The Basilica Cistern was constructed in approx..500 C.E. to be the main water storage for Istanbul, connected via aqueduct to the water source 20km away. Though now mainly a tourist stop, the cistern’s architecture is quite impressive for its time, including the 330 columns holding up this city-block-sized, many-arched underground cavern.  Huge carp swim in the remaining huge pool of water which still fills the building a few feet deep.

The Grand and the Egyptian Spice Bazaars and street sites

The Grand Bazaar was quite a contrast to the Topkapi Palace, Aya Sophia, and Blue Mosque. The Walleighs were amazed by the constantly moving crowds as well as the labyrinth-like interior.  It seemed to be a huge labyrinth of painted, arched hallways filled with a wide variety of products such as painted plates, gold jewelry, ceramic and glass hookahs, and Turkish lutes (aka “ude” pronounced OO-dah).

The indoor and outdoor Egyptian Spice Market is foodie heaven.  It smelled wonderful, looked tempting, and was definitely oriented to local shoppers, like Boston’s Haymarket. There were cases of local cheeses, every imaginable kind of dried fruit/nuts/olives, as well as meats and other household items. Vendors piled colorful pyramids of spices; pastries and baklavas; local honeys; baskets of strange teas; herbs and plants for cooking; and candy called Turkish Delight. This unique Turkish candy is not the chewy jelly found in the U.S., but is a wide variety of different nut-filled and fruit-flavored deliciousness.

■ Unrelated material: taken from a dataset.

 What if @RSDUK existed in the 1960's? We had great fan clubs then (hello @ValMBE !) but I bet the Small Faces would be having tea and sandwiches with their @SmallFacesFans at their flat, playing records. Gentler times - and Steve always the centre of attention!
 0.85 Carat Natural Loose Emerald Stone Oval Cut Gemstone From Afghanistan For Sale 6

In between all the sites were street vendors, cafes, and shops of all kinds along Istanbul’s intriguing streets, such as boat-cafes along the Bosporus, a small old mosque, a cafe with hookahs, and food sellers.  Even the street food for sale, e.g., pomegranates, grapes, and hot chestnuts, seemed artistically laid out.  A cute young street vendor sold Wendy Dondurmasi or “stretchy” ice cream along with entertainment.

The hard-to-find Old Synagogue is now a museum

The old Jewish synagogue in Istanbul is actually located in the “new city” but is very difficult to find.  Apparently because of bomb threats in recent years, there were no signs.  And local people couldn’t seem to direct Rick and Wendy to it. There was only one small sign of the Zulfardis Synagogue above its door. The sanctuary, the holy ark with centuries-old torahs, and seating layout were all old-fashioned.  The history of the Jews in Turkey was outlined through many photos and descriptions.  Starting almost 800 years ago, the then-current Ottoman Emperor encouraged Jews to immigrate to Turkey and Greece to escape the Spanish persecution and eventually Inquisitions. In about 1987, the synagogue was converted to a museum  after the last wedding was performed.

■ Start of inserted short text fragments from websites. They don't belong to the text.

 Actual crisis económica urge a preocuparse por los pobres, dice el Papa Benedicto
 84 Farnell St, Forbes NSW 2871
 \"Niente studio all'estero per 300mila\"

Unusual small but gorgeous mosques

The most famous Ottoman Sultan is Suleiman the Magnificent whose vision influenced architecture and art for centuries.  His key architect was Sinan who during his 60-year career built almost 100 structures for Suleiman, such as Sulimanye Mosque, Sulieman’s Tomb and the tomb of Hurrem, Suleiman’s #1 wife. She supposedly was the model for Scheherazade in the Tale of Arabian Nights.

Wendy’s favorite mosque was the Rustem Pasha, built for a Grand Vizier and his wife who was the sultan’s daughter.  It is small but the inside walls are decorated with the most amazing blue-patterned Iznik tiles.  When they first arrived, Rick and Wendy were two of less than ten people, all sitting quietly enjoying the peace and harmony.  Within 15 minutes a large group arrived, which quickly dissipated these feelings so they left to walk back up the hill to the Armada hotel. But those 15 minutes of hushed peace in the beautifully tiled mosque remained with Wendy for many days, whenever she closed her eyes.